Numerical simulation

In the numerical simulation, artifacts, small-vein visibility, and estimation accuracy of the calculated susceptibility map were evaluated by using a susceptibility distribution model including small veins and deep-gray-matter nuclei. The obtained results by MUDICK as the proposed method were compared with those by TKD and MEDI as the conventional methods.

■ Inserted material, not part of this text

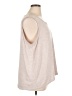 Gap Tan Sleeveless Top Size XL - photo 4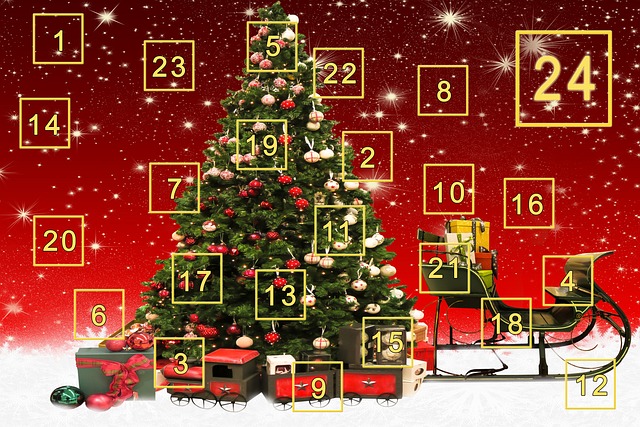 Image pour la catégorie : Advent calendars.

The susceptibility distribution model consists of 800 × 640 × 640 voxels with 0.25-mm iso-resolution. Two representative coronal slices (400th and 541st slices) of the susceptibility distribution model are shown in Fig. 2a and d. In this model, the brain was modeled as an ellipsoid (the long axis is the anterior-posterior direction) with four ellipsoids or spheres simulating the deep-gray-matter nucleus and 36 cylinders simulating small veins. The susceptibility of the brain was set to 0 ppm, and the susceptibilities of the deep-gray-matter nucleus were set to 0.05, 0.1, 0.15, and 0.2 ppm. To evaluate reconstructed susceptibility of various types of veins, the susceptibility, diameter, and angle of veins in this model were changed. The susceptibilities of veins, χ_v, were set to 0.1, 0.2, and 0.3 ppm. The diameters of veins, d_v, were set to 0.25, 0.5, and 0.7 mm. Note that the diameters of veins have modeling errors of up to a voxel in accordance with their position and angle due to the voxel grid. The angles between the vein axis and the B₀ direction, θ_v, were set to 0, 30, 60, and 90 degrees. In a model magnitude distribution, the pixel values were set to 1 in the brain and veins and 0.7 in the deep-gray-matter nucleus.

Fig 2.

Simulation models. (a, d) Model susceptibility distribution, including four deep-gray-matter nuclei with different susceptibilities and 36 small veins with different susceptibilities, diameters and angles. (b, e) Model magnitude image. (c, f) Model phase image. Figures in the top row show slices, including deep-gray-matter nuclei, and figures in the bottom row show slices including small veins.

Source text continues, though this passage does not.